Task >> Only the lines from the "Traueranzeige von Josef" line through the last line of the material below belong in the answer, reproduced exactly and with no pictures.

Dataset excerpt >>
· · · · ·
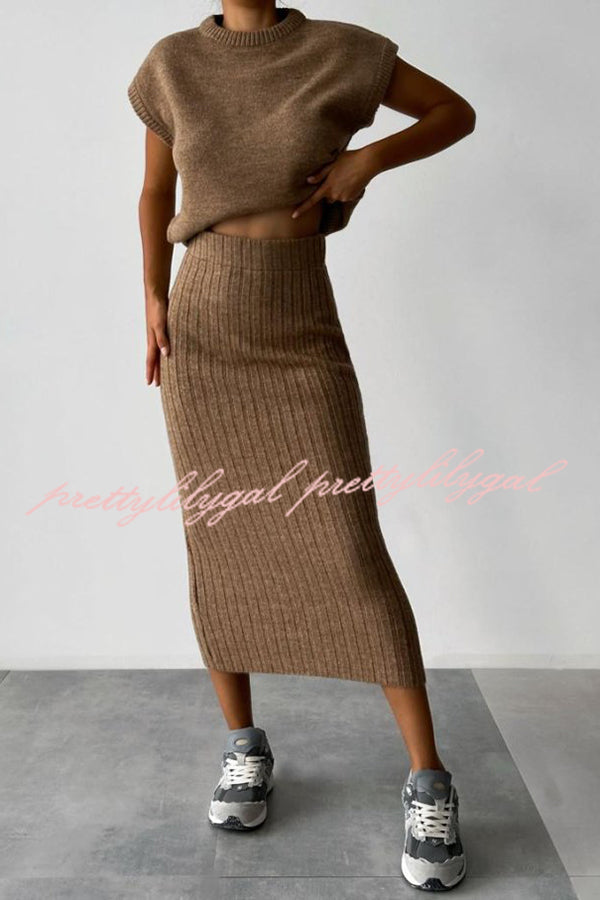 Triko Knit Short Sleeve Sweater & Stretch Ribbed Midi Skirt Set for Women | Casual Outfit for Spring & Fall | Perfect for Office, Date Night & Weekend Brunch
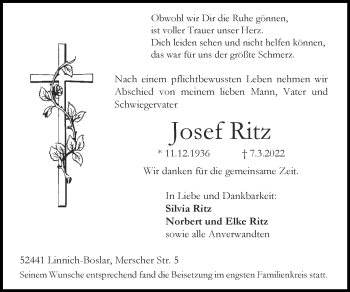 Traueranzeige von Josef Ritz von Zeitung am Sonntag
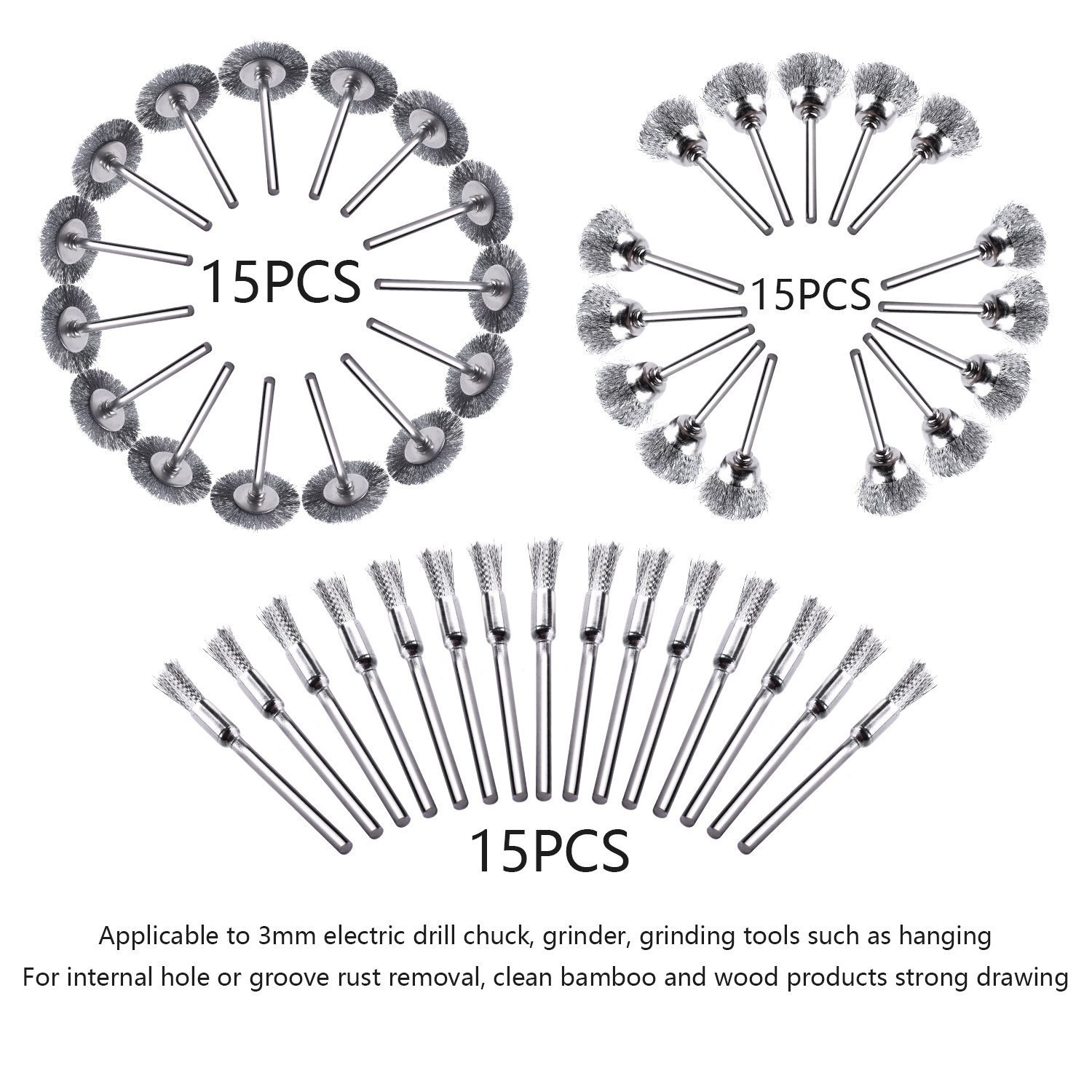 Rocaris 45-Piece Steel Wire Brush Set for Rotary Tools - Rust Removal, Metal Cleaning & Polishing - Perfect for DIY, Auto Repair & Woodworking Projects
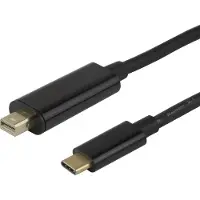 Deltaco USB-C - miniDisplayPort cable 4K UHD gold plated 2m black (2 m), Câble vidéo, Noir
· · · · ·
Task result >>
 Traueranzeige von Josef Ritz von Zeitung am Sonntag
 Rocaris 45-Piece Steel Wire Brush Set for Rotary Tools - Rust Removal, Metal Cleaning & Polishing - Perfect for DIY, Auto Repair & Woodworking Projects
 Deltaco USB-C - miniDisplayPort cable 4K UHD gold plated 2m black (2 m), Câble vidéo, Noir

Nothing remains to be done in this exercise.